*TRY IT*
Copy the listing below exactly. Pictures stay out of it.

*SUPPLIED DATA*
=== Begin Enclosure ===

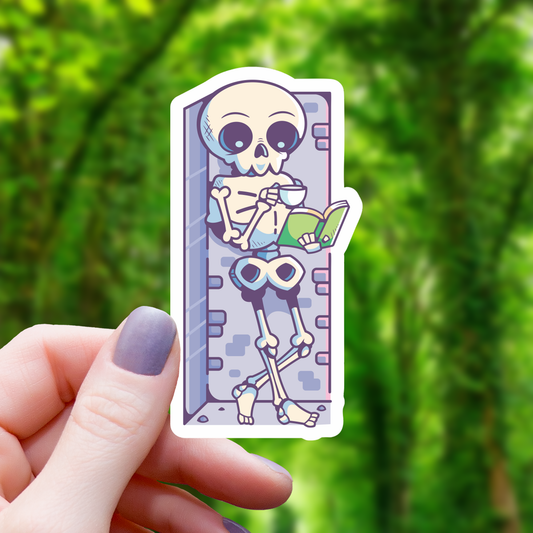 Chilling Skeleton Reading a Book Sticker - 3"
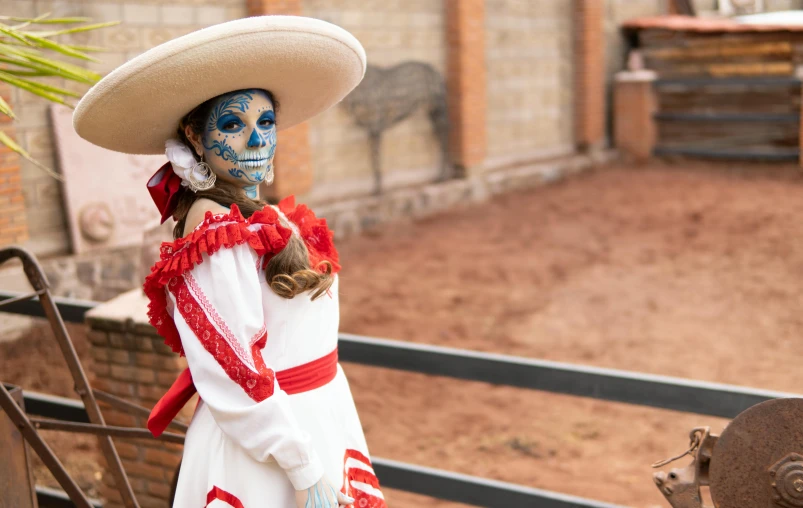 a mexican woman with face paint on standing in front of an iron gate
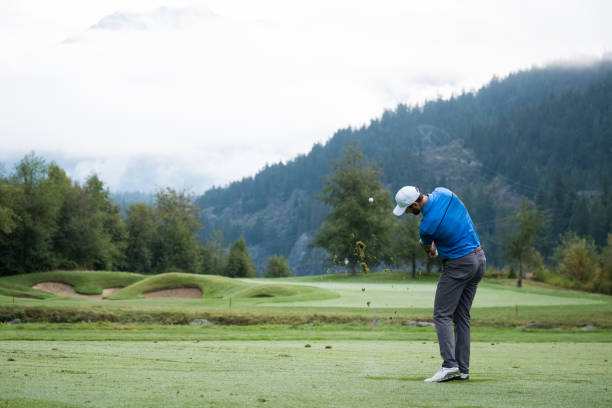 istock Man hits a great golf shot towards the fairway 1180337925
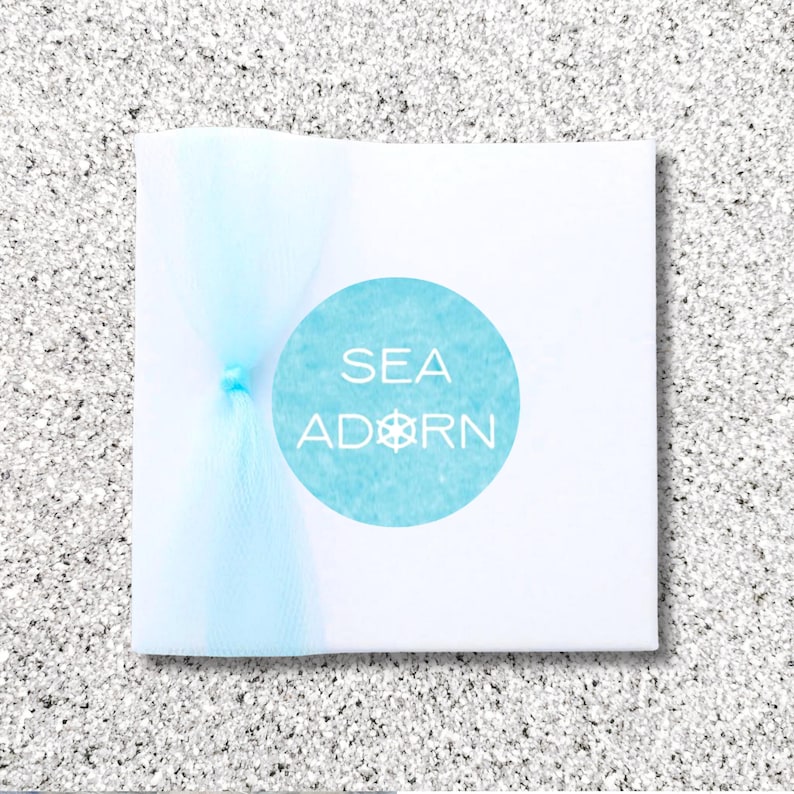 May include: A white square package with a light blue tulle bow. A light blue circle with the words "SEA ADORN" and a ship's wheel design is centered on the package.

=== End Enclosure ===

*EXPECTED ANSWER*
 Chilling Skeleton Reading a Book Sticker - 3"
 a mexican woman with face paint on standing in front of an iron gate
 istock Man hits a great golf shot towards the fairway 1180337925
 May include: A white square package with a light blue tulle bow. A light blue circle with the words "SEA ADORN" and a ship's wheel design is centered on the package.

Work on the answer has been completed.